JR East’s E5 trains are operated in 10-car formations, numbered 1 through 10 (with Car 1 at the end facing towards Tōkyō terminal). Cars 1 through 8 are Ordinary compartments fitted with a total of 658 seats, arranged 3+2 abreast. Car 10 is equipped with 18 Gran Class seats, installed in a far more comfortable 2+1 arrangement.

Car 9, which I used on this journey, is a Green Car equipped with a total of 55 seats, 2+2 abreast. Green Cars are the equivalent of First Class on most limited express and shinkansen services run by the JR Group, and are usually the highest class of service available. The recent introduction of Gran Class on E5 and H5 trains on the Tōhoku and Hokkaidō Shinkansen, as well as E7 and W7 trains on the Hokuriku Shinkansen, effectively created a “class above first”, akin to the super-premium cabins or enclosed “suites” offered by some full-service airlines.

Unfortunately, access to that premium cabin requires paying a premium price, and not even my Green JR Pass will cover anything beyond the base fare. No matter – the “regular” first class comfort offered by the Green Car should more than suffice for even the longest journeys.

To reiterate, the images shown in this section were snapped on E5 set U19 (which I travelled in on 05 October), not U10 (the train I used for the 01 October journey reviewed in this post). That said, the interiors of E5s are pretty much identical across the fleet: you’ve seen one, you’ve seen them all.

The E5 (and related H5) Green Car seats are amongst the most comfortable I’ve used on the JR Group’s vast shinkansen network. The leg rests are of sufficient length to provide adequate support (for not-particularly-tall folk anyway) – unlike, say, the laughably short ones on the E6, which left my lower limbs feeling a bit less than cosy after a while. Combined with the right amount of recline, a perfectly adjusted E5/H5 Green Car seat has allowed me to relax quite well on many a long shinkansen journey … indeed, almost to the point where I couldn’t relax for fear of falling fast asleep and missing my stop.

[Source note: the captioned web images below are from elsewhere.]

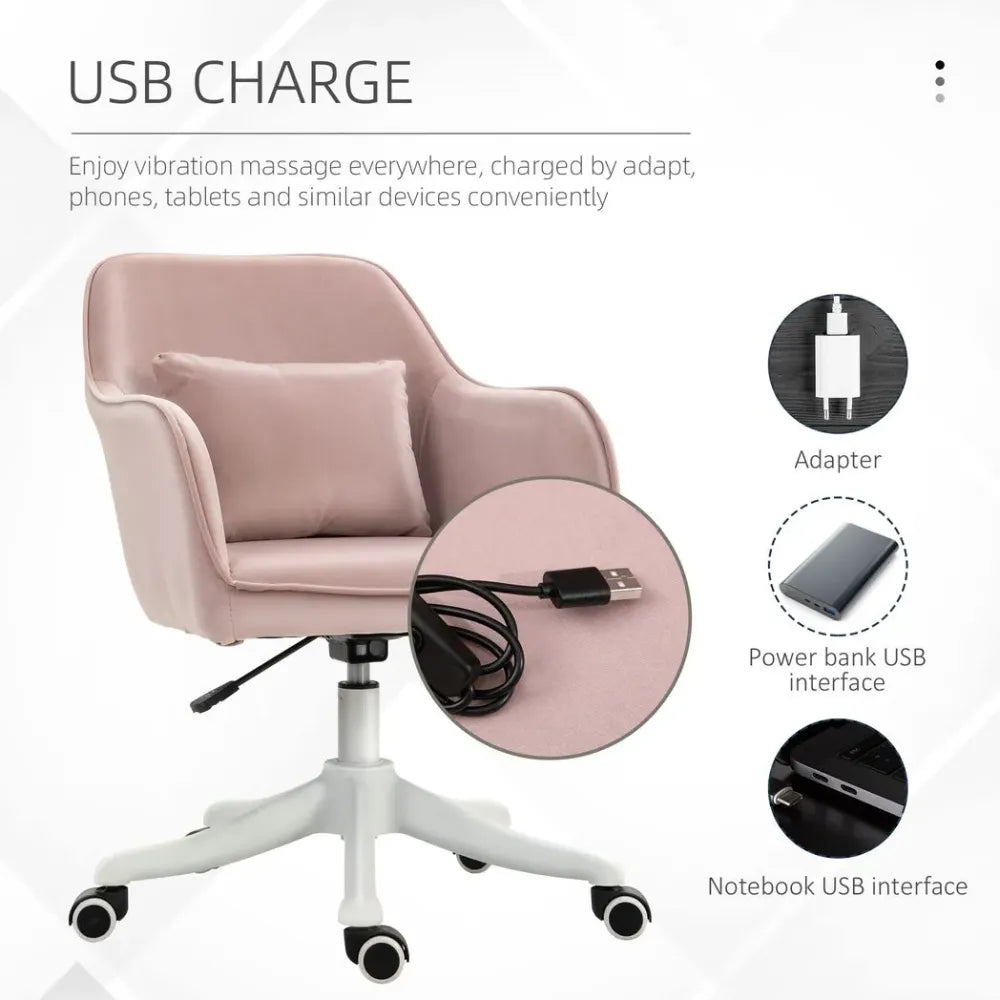 Office Chair with Rechargeable Electric Vibration Massage Lumbar Pillow, Wheels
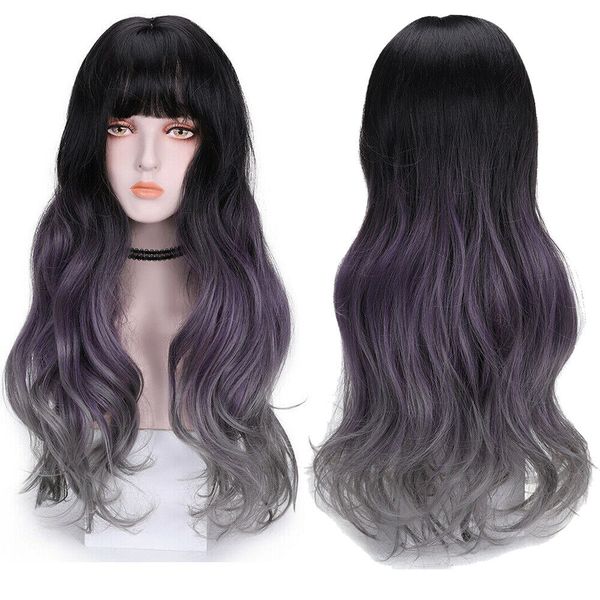

fashion gorgeous women's long ombre wavy natural full wigs curly hair cosplay wig, Black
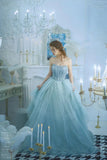 Blue Strapless Tulle Sequins Long Prom Dresses, Princess Evening Dresses HZ0429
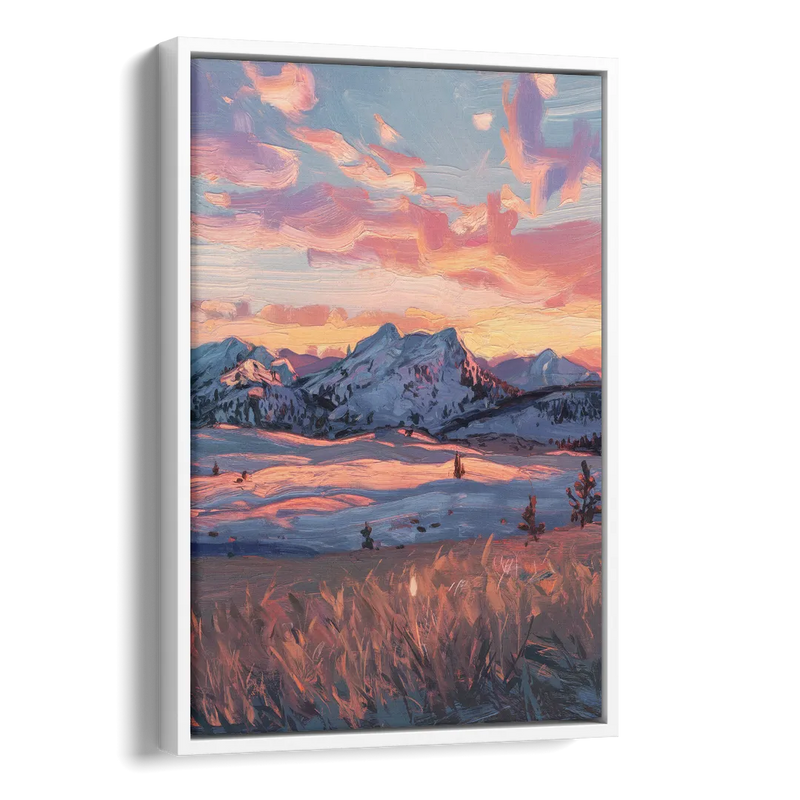 Bozeman Sunset Horizon Side - White Canvas Wall Art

Generous legroom, but no footrests. Folding cup holders next to the seat pockets, which contain a small selection of reading material (usually one or two magazines, a retail catalogue, and a buy-on-board menu). The folding tray table is of the standard shinkansen/aeroplane type, and the surface can slide back or forwards a few inches.

The seat controls – reading light, leg rest, and back recline – are built into the centre armrest, which is also equipped with two power outlets (AC 100V/2A/50HZ) designed to accommodate standard Japanese plugs (a pair of flat pins).

Here’s one of the lobby areas between compartments. There’s a fully-equipped toilet with button-operated door for those with special needs, as well as a normal facility for everyone else. Outside the toilet booths, there’s a washbasin with built-in soap dispenser, faucet, and hand dryer (all automated).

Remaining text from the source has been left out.